Available records:
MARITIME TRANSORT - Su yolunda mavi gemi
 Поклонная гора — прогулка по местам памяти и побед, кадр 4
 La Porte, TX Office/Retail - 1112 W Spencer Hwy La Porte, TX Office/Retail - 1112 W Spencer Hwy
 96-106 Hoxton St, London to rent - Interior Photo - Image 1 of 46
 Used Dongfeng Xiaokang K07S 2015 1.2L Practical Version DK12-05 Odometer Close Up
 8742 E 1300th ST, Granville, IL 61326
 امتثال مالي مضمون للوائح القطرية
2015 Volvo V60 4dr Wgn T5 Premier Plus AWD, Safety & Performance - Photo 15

Exercise details: Beginning with the line that contains "8742 E 1300th ST, Granville, IL 61326", each line of the records above through the last one must be printed word for word.

Task answer:
 8742 E 1300th ST, Granville, IL 61326
 امتثال مالي مضمون للوائح القطرية
2015 Volvo V60 4dr Wgn T5 Premier Plus AWD, Safety & Performance - Photo 15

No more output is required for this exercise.